Il terzo elemento di cui sarà bene tenere conto è l’ennesima riprova che le “primarie” così come sono praticate in Italia (peraltro dal solo PD; quelle del M5S sono una commedia) non servono allo scopo. Infatti il loro obiettivo dovrebbe essere quello di sottrarre la scelta dei candidati ai “caminetti” dei partiti, affidandola al “popolo degli elettori-simpatizzanti”, che si suppone sia più in grado di scegliere le persone con maggior appeal per la generalità dell’elettorato.
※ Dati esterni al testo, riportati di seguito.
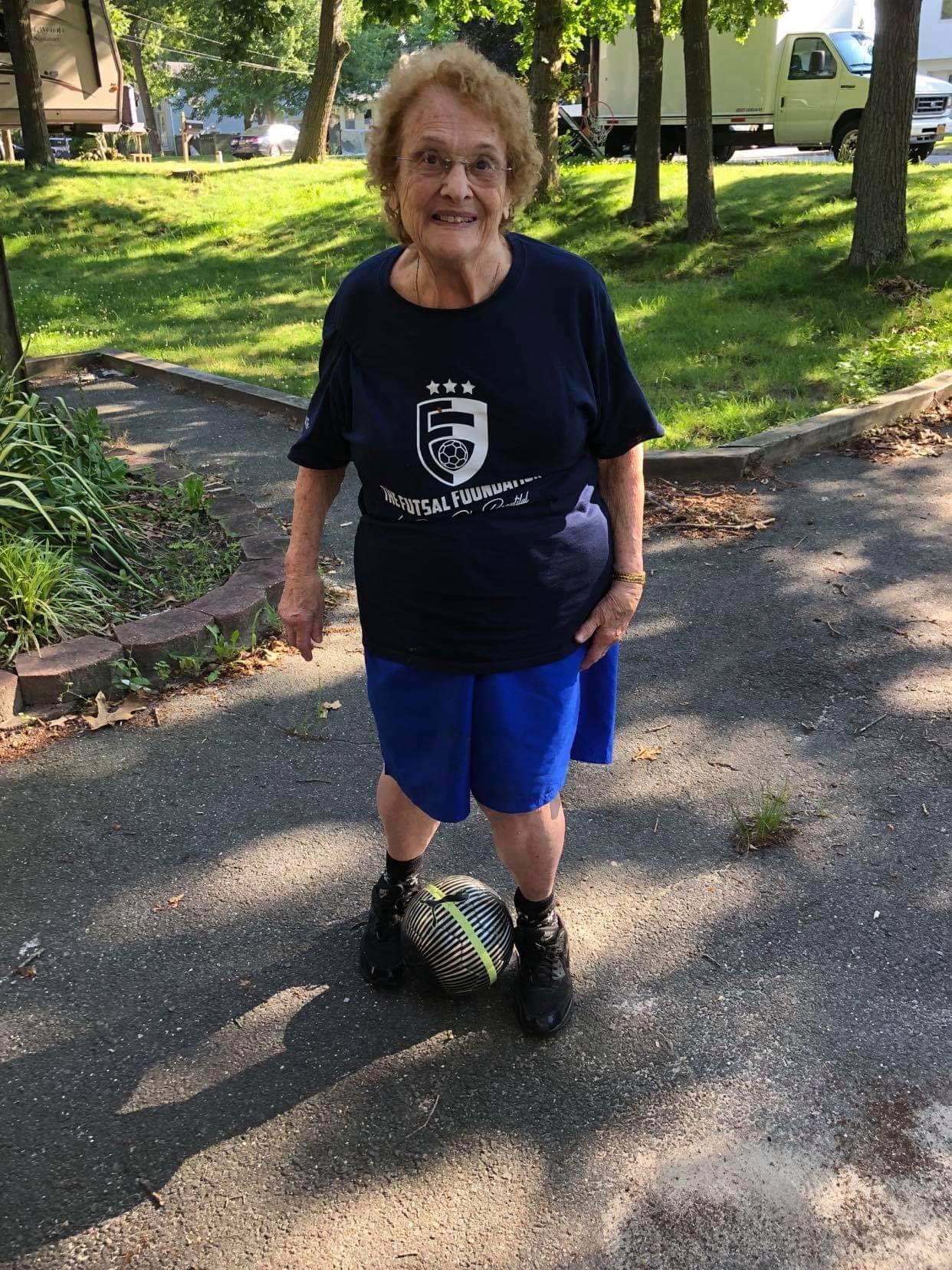 Obituary of Diamond Roros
Venezia da questo punto di vista è solo l’ultimo caso che ci mostra come invece le primarie siano da noi ostaggio delle lotte di corrente. Salvo rarissimi casi, come è stato con Prodi o con Renzi che avevano avuto una eco mediatica notevole, alla fine votano solo i gruppi organizzati che riescono a trascinarsi dietro un po’ di seguito extra-partito (a volte anche in maniera piuttosto discutibile). Il risultato è che ci si ritrova con candidati tipo appunto Paita, Moretti, Casson, che, pur assai diversi fra loro, non sono in grado di costruirsi un ampio consenso elettorale basato su una conclamata affidabilità.
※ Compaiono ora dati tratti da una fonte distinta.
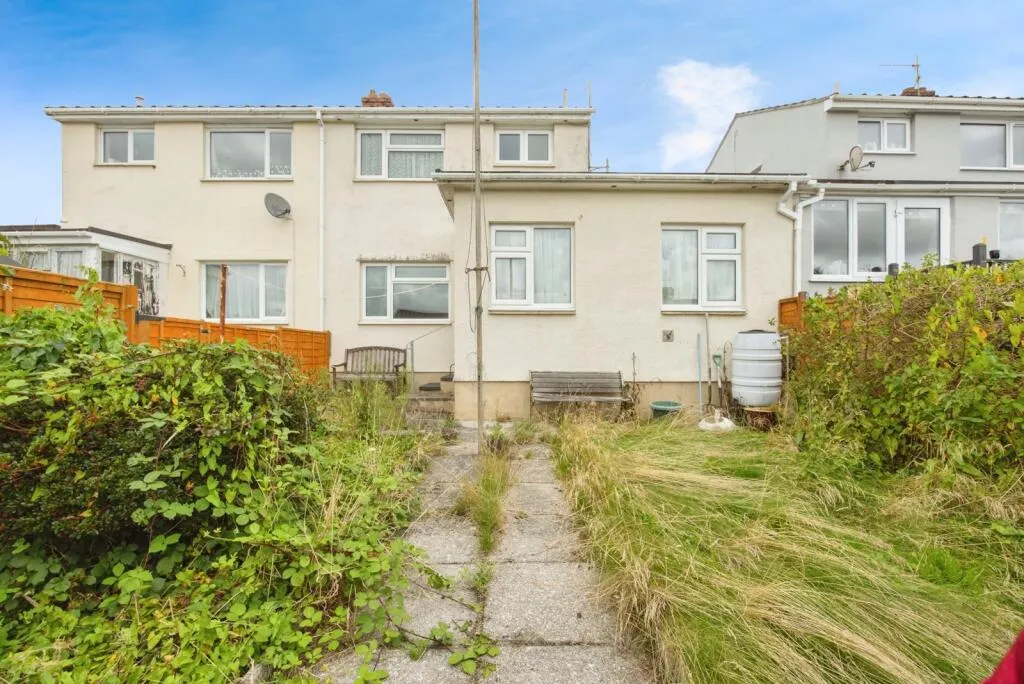 3 bed Semi-Detached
Ci si può naturalmente chiedere se i vertici dei partiti sarebbero maggiormente capaci di mettersi in sintonia con le aspirazioni che mobilitano gli elettori. Ovviamente è più che lecito dubitarne, visto come sono ridotti attualmente, ma soprattutto tenendo conto del fatto che i vertici nazionali nel loro complesso fanno molta fatica a conoscere la realtà dei rispettivi partiti sui territori, sicché alla fine tendono ad affidarsi a chi promette semplicemente di vincere senza avere grandi strumenti per misurare la credibilità di quelle promesse (e anche la tenuta di queste candidature in caso di successo alle elezioni: vedi il caso di Marino a Roma).

Da un punto di vista generale andrà dunque valutato se abbia senso continuare a pensare che il sistema politico italiano si organizzi attraverso coalizioni basate su presunti “blocchi sociali” o se non sia giunta l’ora di fare i conti con un elettorato che è molto mobile e che in questa mobilità include senza traumi anche l’alternativa di disertare le urne. Pensiamo che per esempio sia un errore l’analisi che fanno dalle parti di FI (che, proprio fra parentesi, come partito è andata male) secondo cui “il vento è cambiato” e il centrodestra purché sia “unito” ha chance di vittoria.
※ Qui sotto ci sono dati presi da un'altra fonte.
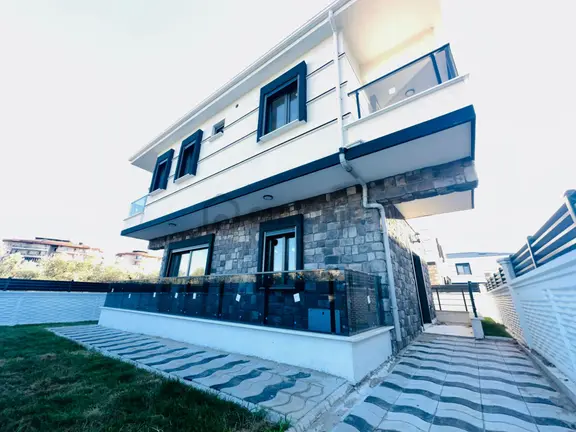 Edremit Kadıköy De 3+1müstakil Havuzlu Satılık Villa 1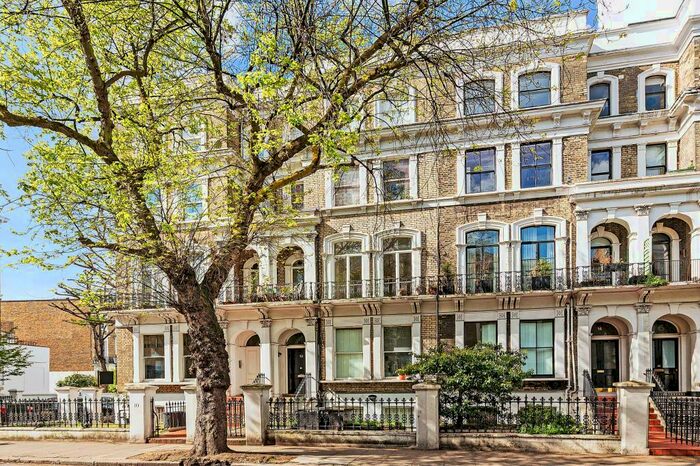 2 Bedroom Flat To Rent In Redcliffe Gardens, London, SW10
Si è trattato infatti, dove la vittoria c’è stata, piuttosto della volontà di “rivincita” di un coacervo di sentimenti irritati verso il bullismo di certe scelte politiche della sinistra che non di una scommessa sulla capacità di leadership dei vertici dei partiti che stanno tentando di intestarsi quelle vittorie.

Per il PD il problema sarà la capacità di elaborare un discorso, piuttosto concreto, capace di apparire credibile al di fuori della cerchia dei suoi aderenti tradizionali, perché se Renzi non sfonda non solo al centro, ma anche recuperando consensi nell’astensione avrà pesanti difficoltà per mantenere la leadership. Certo le bizze di una opposizione interna, che cerca la salvezza nel mito del recupero di presunte purezze ideologiche (che, sia detto apertamente, non ebbe neppure il vecchio PCI dei suoi anni gloriosi), non aiutano il partito a guida renziana. Altrettanto va però detto che se  il premer segretario non esce dalle logiche dei suoi “cerchi magici” e non si acconcia a tessere la trama di un vasto consenso sociale chiamando all’impegno forze nuove dalla società civile, finirà per essere solo l’alleato occulto e inconsapevole di quelli che lo vogliono disarcionare.